### [Information shown]
· · ·
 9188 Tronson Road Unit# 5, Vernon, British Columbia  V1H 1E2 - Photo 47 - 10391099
· · ·
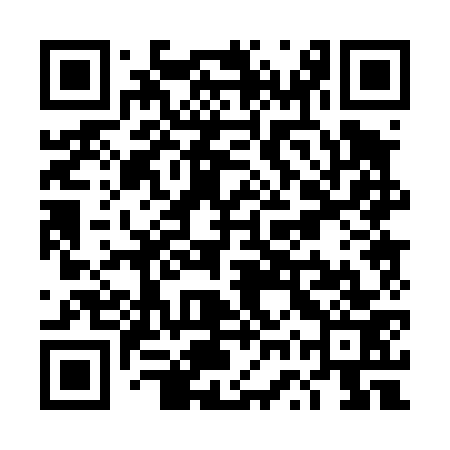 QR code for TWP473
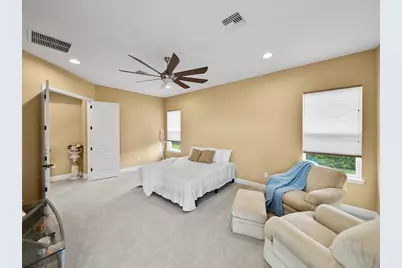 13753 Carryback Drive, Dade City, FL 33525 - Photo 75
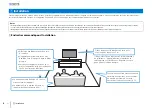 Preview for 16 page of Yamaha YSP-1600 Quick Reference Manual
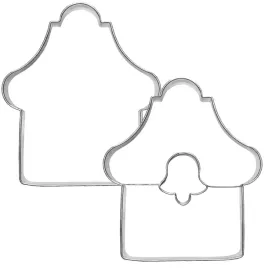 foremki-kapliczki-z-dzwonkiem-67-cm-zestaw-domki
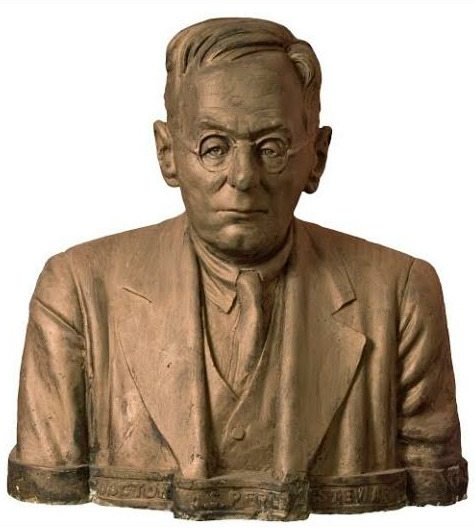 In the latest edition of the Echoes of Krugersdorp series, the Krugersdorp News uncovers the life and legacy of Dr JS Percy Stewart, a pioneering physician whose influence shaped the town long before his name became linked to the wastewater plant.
· · ·
After locating the line containing "QR code for TWP473" in the entries above, return it and every line after it exactly, ending at the line containing "foremki-kapliczki-z-dzwonkiem-67-cm-zestaw-domki", without pictures.

### [Result]
 QR code for TWP473
 13753 Carryback Drive, Dade City, FL 33525 - Photo 75
 Preview for 16 page of Yamaha YSP-1600 Quick Reference Manual
 foremki-kapliczki-z-dzwonkiem-67-cm-zestaw-domki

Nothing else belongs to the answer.